Cultural Christianity is synonymous with Jesus. Thus any mention of Christ usually assumes it shares the same particular and narrow expression produced by the modern church: THIS IS NOT THE CASE.

We say at the Living School, Christ is not Jesus’ last name. If you’ve been to church recently then the term Christ has been taught in a limited capacity as the KING, Messiah, or anointed one.  Christ is a title and it was given to Jesus. I think most people get this far.

Jesus was a man who lived 33 years before he was killed by Church and State. The confusion and thus error occurs when we conclude the same is true for the Christ. This error is at the center for turning Christianity into an alternative religion which was never the goal of Jesus. Thus biblical Christianity is not at all the same thing as what I call Churchianity which is widespread.

The term Christ Jesus brings together both universal and particular reality. Christ is a cosmic term, Jesus is the localized person in history. The Christ is cosmic and as such is not limited to what modern people call Christianity. The biblical understanding of Christ is much more far reaching, for example:

Colossians 1:16 pulls out this cosmic reality. “For by him all things were created, in Heaven and on earth, visible and invisible, whether thrones or dominions or rulers or authorities–all things were created through him and for him.”  This is a theme Paul expresses in almost all his writings.  Science would call this “invisible power” the Big Bang.

If the Christ is cosmic then it is not restricted to one belief system or religion. Thus the work of Christ has not been limited to only the life and work of Jesus, although Jesus fully embodies the Christ. Paul explains this in 1 Corinthians 10:4 by pointing out that the Christ was the rock that flowed out water to the Israelites to save them in the desert.

The bible teaches that the Christ is the power behind Judaism. On the mount of transfiguration, Jesus shows three disciples his cosmic connection (Matt 17:1-8). Both Moses and Elijah hid themselves in the cleft of the rock (cave) on Mt. Sinai (Horeb). The Christ saved them from the destructive forces of wind, earthquake and fire (1 Kings 9:9-12).
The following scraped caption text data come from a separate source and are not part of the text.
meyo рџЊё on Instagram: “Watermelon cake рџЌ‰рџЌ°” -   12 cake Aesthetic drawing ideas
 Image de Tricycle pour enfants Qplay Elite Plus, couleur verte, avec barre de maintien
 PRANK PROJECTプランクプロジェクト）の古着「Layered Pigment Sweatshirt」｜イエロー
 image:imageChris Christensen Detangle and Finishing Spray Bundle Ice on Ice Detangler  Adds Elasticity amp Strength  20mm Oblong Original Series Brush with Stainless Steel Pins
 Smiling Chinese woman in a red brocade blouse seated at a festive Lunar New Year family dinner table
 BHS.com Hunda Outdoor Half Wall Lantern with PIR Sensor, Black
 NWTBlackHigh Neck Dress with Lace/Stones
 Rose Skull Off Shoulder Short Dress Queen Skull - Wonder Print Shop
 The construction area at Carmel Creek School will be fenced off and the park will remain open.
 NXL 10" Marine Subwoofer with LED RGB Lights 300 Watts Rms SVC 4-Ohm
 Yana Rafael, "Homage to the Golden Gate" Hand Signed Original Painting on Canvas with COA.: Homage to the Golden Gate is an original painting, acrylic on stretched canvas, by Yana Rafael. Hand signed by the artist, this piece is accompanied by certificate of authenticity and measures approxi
There Moses and Elijah learned the name (particular) Jesus, of the power of their faith.

John explains the cosmic power of Christ as the Logos (The Word). Here the universal Logos puts on the particular (human form) and dwells among us (John 1:14). The logos or power behind the Christ shows up all throughout scripture, particularly seen as feminine through WISDOM in Proverbs 8 &9.

Noah, Abraham, Isaac, Jacob, Joseph, Job were all completed by God through the Christ. They were not what moderns would call Christians and couldn’t even be called Jews as they predate the law. Yet the Christ completed their work like Moses lifting up the bronze staff which was the Christ saving the Israelites from the fiery serpents in Numbers 21:8.

My point is that scripture reveals The Christ working in our lives regardless of our religion, whether we are pagans, or whether we are modern day church goers. The cosmic Christ of the scripture is NOT the tiny Christ sold by the modern church that only has power for those who pick Jesus’ team. Salvation is cultural more than personal.

Spirituality is the experience of BOTH the universal and the particular. Those who focus on the particular Jesus would do well to learn the scripture and see the Christ as all inclusive. Those who access cosmic power within their own tradition or practice would do well to gain the particular found in Jesus.

Based on the Christ, biblical Christianity cannot be an alternative religion as depicted today. Christianity is that power which completes all religions and practices. Early Christians didn’t abandon Judaism, rather Christ Jesus reframed it in a way that freed them to be true Jews. The religious hated the idea that non-Jews could be saved without conversion. Sound familiar?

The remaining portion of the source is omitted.